- Work order
Scan the listing below for the word "Patrick" and copy every line where it occurs.

- The data
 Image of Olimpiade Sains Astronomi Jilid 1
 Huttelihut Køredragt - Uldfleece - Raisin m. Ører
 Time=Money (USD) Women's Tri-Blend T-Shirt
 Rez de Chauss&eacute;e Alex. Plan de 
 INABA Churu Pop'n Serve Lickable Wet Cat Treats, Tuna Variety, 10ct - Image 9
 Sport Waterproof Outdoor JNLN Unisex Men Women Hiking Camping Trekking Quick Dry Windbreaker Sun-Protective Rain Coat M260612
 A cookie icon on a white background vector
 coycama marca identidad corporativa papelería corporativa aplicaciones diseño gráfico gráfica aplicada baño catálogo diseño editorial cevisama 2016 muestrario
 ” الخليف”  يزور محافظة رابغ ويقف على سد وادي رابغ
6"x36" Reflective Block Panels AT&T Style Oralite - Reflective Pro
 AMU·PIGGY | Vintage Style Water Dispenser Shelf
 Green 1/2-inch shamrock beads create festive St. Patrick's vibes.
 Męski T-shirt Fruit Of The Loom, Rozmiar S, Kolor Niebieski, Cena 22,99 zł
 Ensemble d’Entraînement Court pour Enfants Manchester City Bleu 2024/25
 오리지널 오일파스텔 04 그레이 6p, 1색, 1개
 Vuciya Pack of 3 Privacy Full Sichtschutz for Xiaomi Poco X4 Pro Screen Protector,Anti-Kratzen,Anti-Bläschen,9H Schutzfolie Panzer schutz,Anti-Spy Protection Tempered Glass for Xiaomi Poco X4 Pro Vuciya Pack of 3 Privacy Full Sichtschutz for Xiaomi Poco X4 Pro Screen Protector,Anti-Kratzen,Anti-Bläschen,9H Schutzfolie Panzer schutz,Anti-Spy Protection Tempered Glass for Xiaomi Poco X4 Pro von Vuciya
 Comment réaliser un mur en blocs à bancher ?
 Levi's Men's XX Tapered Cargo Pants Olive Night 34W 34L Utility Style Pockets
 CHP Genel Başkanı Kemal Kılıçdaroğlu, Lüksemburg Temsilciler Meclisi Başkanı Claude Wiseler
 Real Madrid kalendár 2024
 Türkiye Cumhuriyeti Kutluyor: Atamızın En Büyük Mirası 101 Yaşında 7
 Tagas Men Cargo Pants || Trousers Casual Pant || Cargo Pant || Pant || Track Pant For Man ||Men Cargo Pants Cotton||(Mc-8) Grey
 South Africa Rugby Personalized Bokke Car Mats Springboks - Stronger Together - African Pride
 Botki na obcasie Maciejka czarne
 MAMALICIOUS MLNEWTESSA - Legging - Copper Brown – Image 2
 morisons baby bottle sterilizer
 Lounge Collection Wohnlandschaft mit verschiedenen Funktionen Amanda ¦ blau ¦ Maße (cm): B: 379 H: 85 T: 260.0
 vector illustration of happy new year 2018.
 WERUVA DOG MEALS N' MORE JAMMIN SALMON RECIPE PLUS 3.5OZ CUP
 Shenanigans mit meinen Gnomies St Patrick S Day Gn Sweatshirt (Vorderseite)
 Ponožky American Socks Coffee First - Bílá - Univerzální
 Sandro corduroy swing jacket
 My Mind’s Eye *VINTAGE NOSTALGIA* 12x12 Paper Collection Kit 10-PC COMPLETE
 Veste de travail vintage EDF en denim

- Result below
 Green 1/2-inch shamrock beads create festive St. Patrick's vibes.
 Shenanigans mit meinen Gnomies St Patrick S Day Gn Sweatshirt (Vorderseite)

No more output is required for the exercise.